I wandered over and picked up what I needed. Ice cream, of course, then hot fudge, crushed peanuts, bananas, pineapple and whipped cream. I carefully carried my stash up to the register and deposited it on the counter. The guy working the register was one of those cheerful cashiers who never shuts up, and obviously still lives in the basement at his mom's house.

The first thing he says is, "You know what would go perfect with this? A couple of our fresh-off-the-grill, all-beef hot dogs. They're 2 for $1.49. I shook my head and said, "No thanks. Just this." Hot dogs and ice cream really didn't sound like a great combination to me.
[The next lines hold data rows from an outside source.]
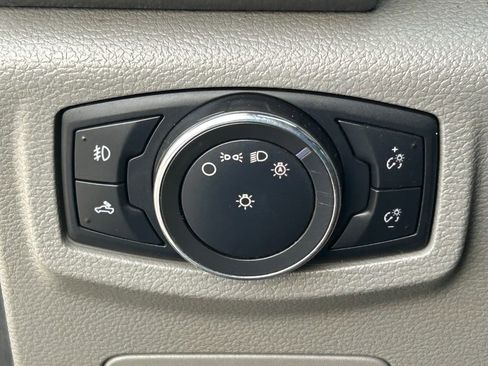 Used 2017 Ford F150 XLT image 22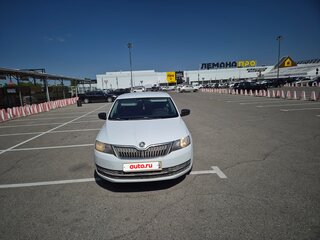 2015 Skoda Rapid I, белый, 890000 рублей, вид 3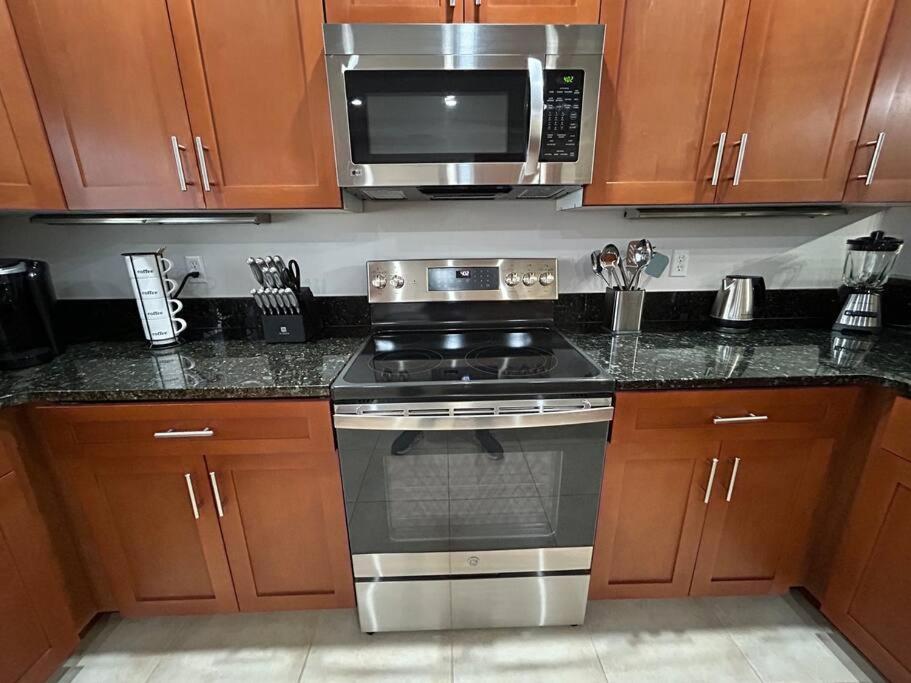 4BR 1 Mile to Disney World with Pool and Spa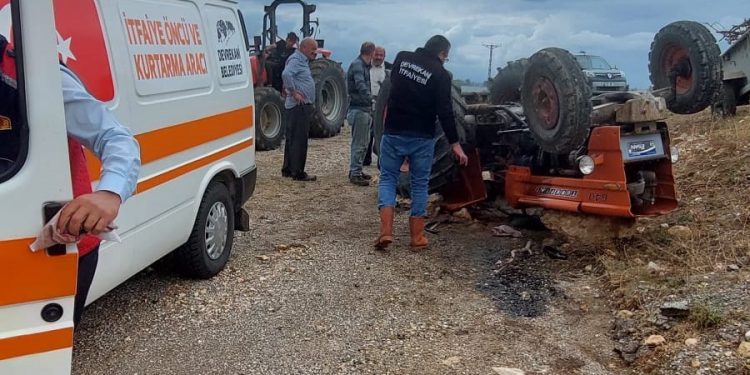 Devrilen traktörün altında kalan sürücü yaralandı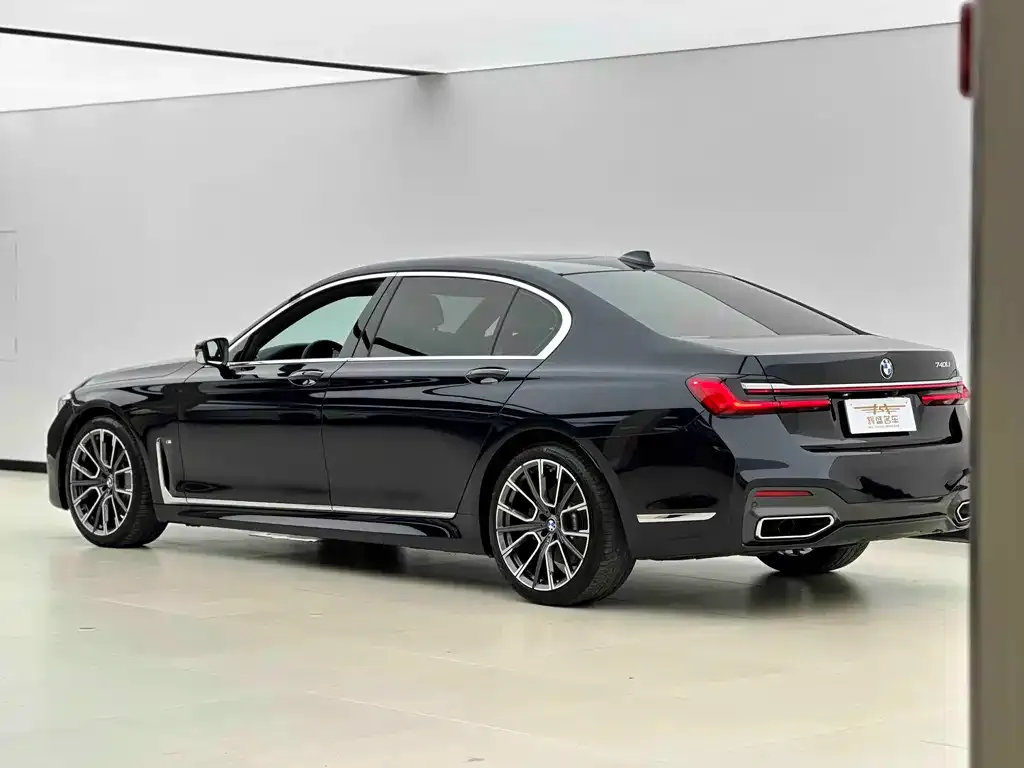 BMW 7 Series — фото 2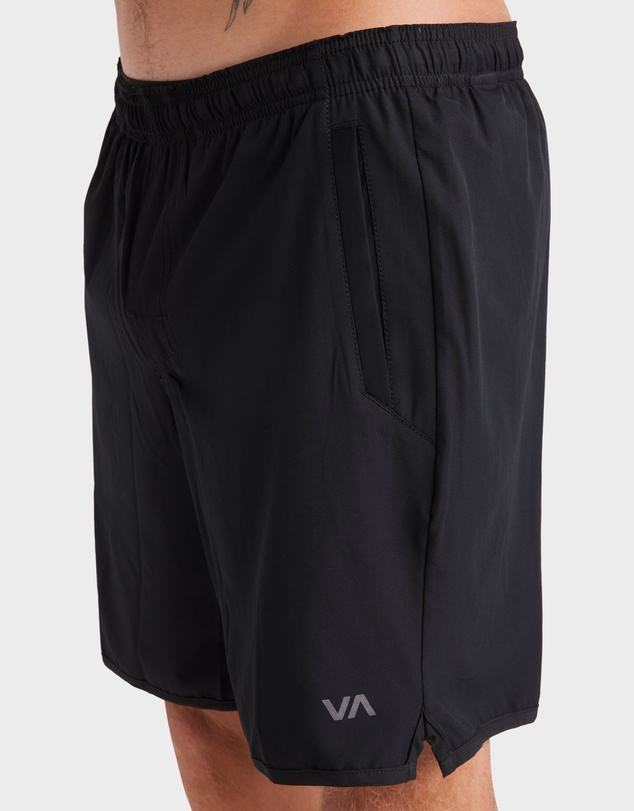 RVCA - Mens Yogger Iv Short 17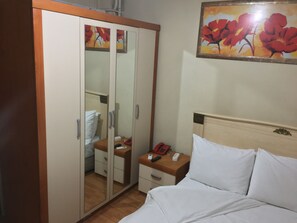 Double Room | Desk, free WiFi, bed sheets - Surucu Otel (Istanbul)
He rang my items up, chatting all the while. As he's bagging the sundae ingredients, he laughs heartily and says, "With all this stuff, I'll bet I know what you're having after dinner tonight!"

"Yeah," I replied. "Sex."

Apparently, he was easily embarrassed, because he turned a deep, tomato-red, and handed me my change without a word.

As I took the coins, I couldn't resist a parting shot. I leaned forward conspiratorally and added, "We use a LOT of food."
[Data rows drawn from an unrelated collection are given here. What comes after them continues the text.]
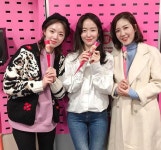 장미보다 예쁜...유호정X채수빈, 씨네타운 출연 인증샷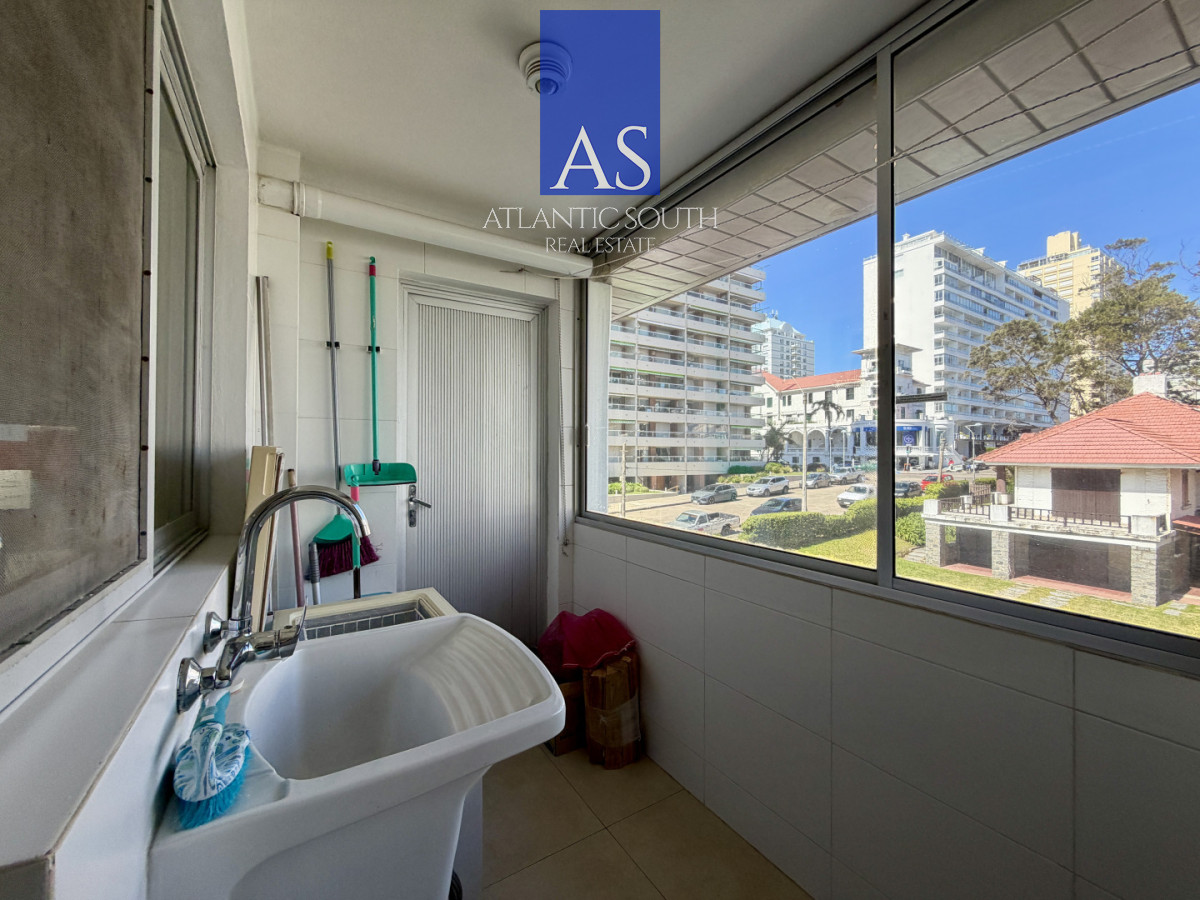 Apartamento ID.4274 - Planta de categroría en Península vista al mar 3 dormitorios Punta del Este
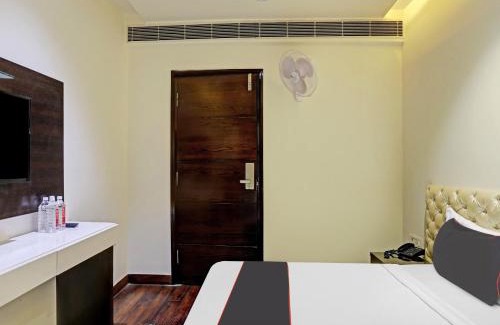 Anand Vihar Hotel | Hotel O Adarsh Nagar Metro Station Delhi Formerly Family Inn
I think he cursed me though, because even with all those goodies, it didn't happen.

Now all I can think about is going back in there and buying a giant box of slim jims, some rope and a quart of motor oil just to see the look on his face.


  1. Classic! Who knows, maybe your next purchase of Slim Jims, motor oil, and rope just might get you "sex for dinner"!

  2. Anonymous2:55 AM

    or some strong acid, a saw and some rubbish bags. just say "it didn't work out."
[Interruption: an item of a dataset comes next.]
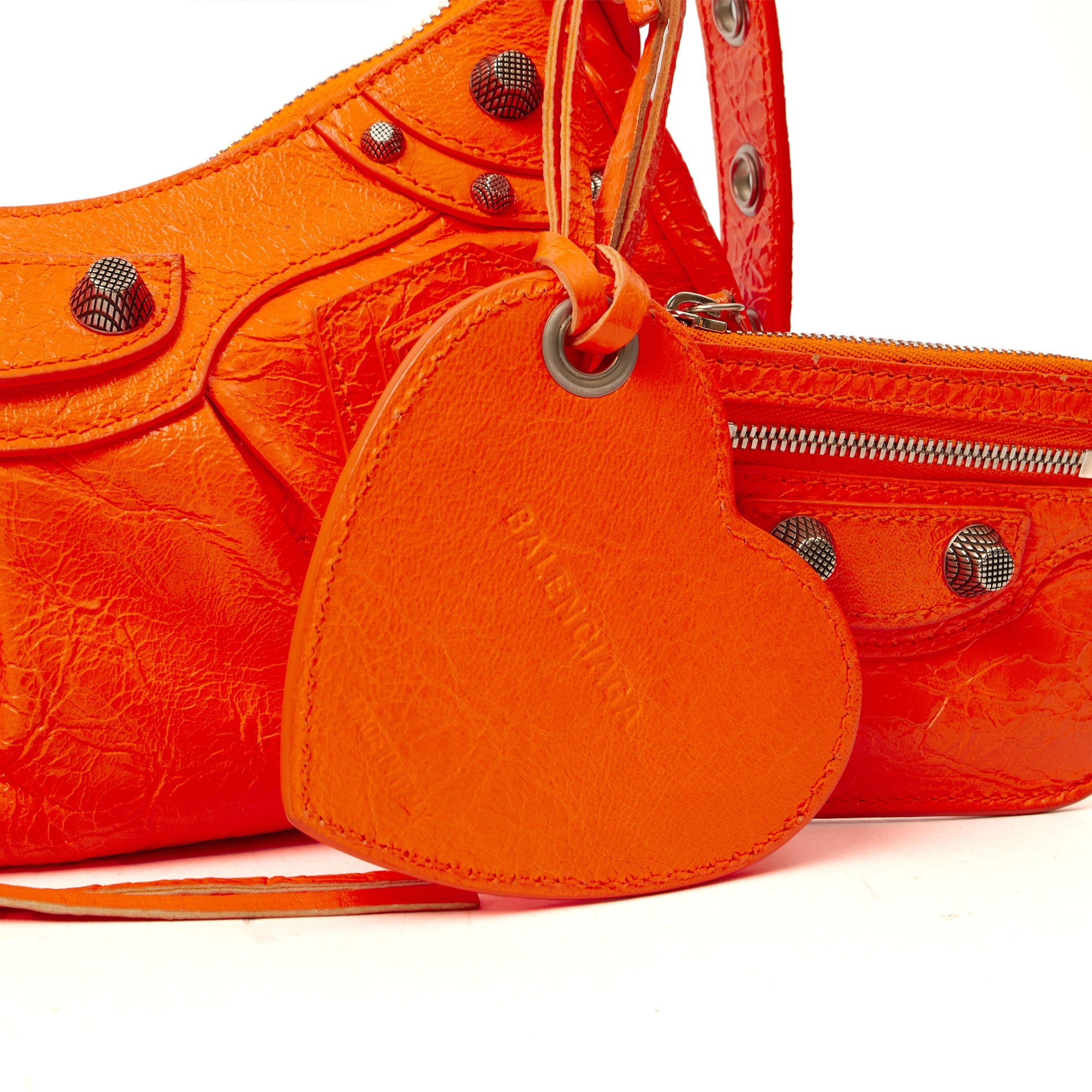 Balenciaga Shoulder Bag Le Cagole S in Orange, Leather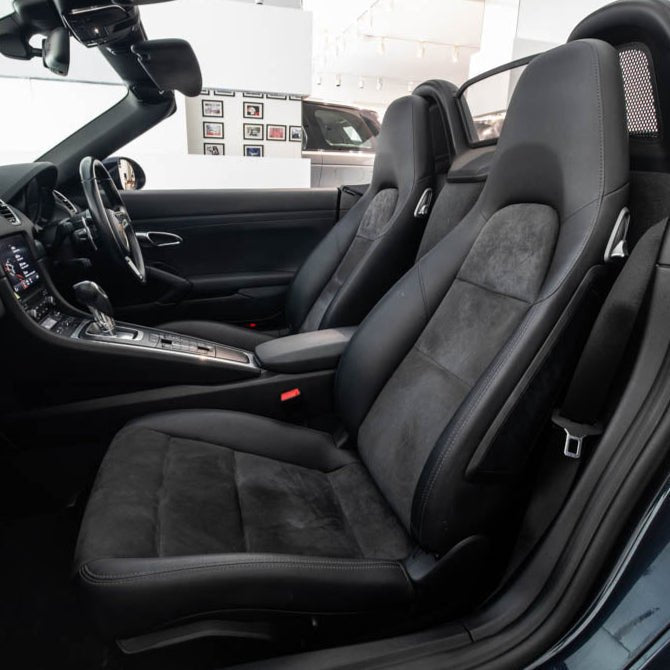 Porsche 718 Cayman 982 Custom Leather Seat Covers 2017-Up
  3. With today's megastores in the US, it's so easy to pick up a random assortment of items that will confuse and embarrass the check out clerks (Lawn chair, Jergens lotion, tequila mix). My friends and I used to play a game at Wall Mart to see who could purchase the strangest combination of things. We would come out of the store and look at each others stuff. I confused them one night when I came out of the store apparently empty handed. It wasn't until I pulled out a layaway slip that I was declared the victor. I had put a single tire on layaway!


  4. I'm thinking that the fact that you joked about the sex with the cashier is exactly why you didn't get it. Your wife was there, right? Man-what a cruel twist. It's like do you go for the laugh and risk not having sex using sundae toppings because your wife is not amused? Or do you pass up a chance to creep out an unassuming cashier to possibly have the freaky food sex? Life is full of hard choices.

  5. No, I'm thinking I had to go for the laugh, because the chances of the other happening would be zero, because in my opinion that would just be a chocolately sticky mess.

  6. Anonymous12:00 PM

    ..if i remember right Grey Goose and falling asleep were to blame. I loved the comment thought it was very funny.

  7. I'm glad other people also live their lives going for the funniest response. Actually, it's also the way I play strategy games.

    Anyway, your post reminded me of this:

    semi-related comic (mouse over for more hilarious Alt Text.)

    - Scott

  8. If you do, please take a hidden camera.

    I read this while I was on a conference call. Thankfully someone invented the mute button. Because I would have had to explained why I was laughing hysterically.

  9. Now I here the FCC wants to regulate more on the sex and violence on primetime TV but from what my Uncle Earl told me......

    Sex on television can't hurt you..... unless you fall off.

  10. Scotty, awesome cartoon.

    Reminds me of when my brother and I would open a jar of pickled lambs tongues and the walk around the supermarket with them sticking out of our mouths.

  11. add bleach or some other industrial stain remover and you're scare the pants off him.


  12. Anonymous5:59 PM

    HAHAHA!!! One time I went to a drugstore and purchased chocolate and tampons. I had to fight the urge to ask the (male) clerk if they also sold ammo.

  13. Anonymous5:59 PM

    Pshh..talk about confused, I thought you and Special Dark were married.

  14. Anonymous4:49 PM

    This had me laughing out loud at work!

  15. I once had to buy tampons, condoms, and a pregnancy test at the store. None of them were for me. The woman behind the cash register gave me the strangest look.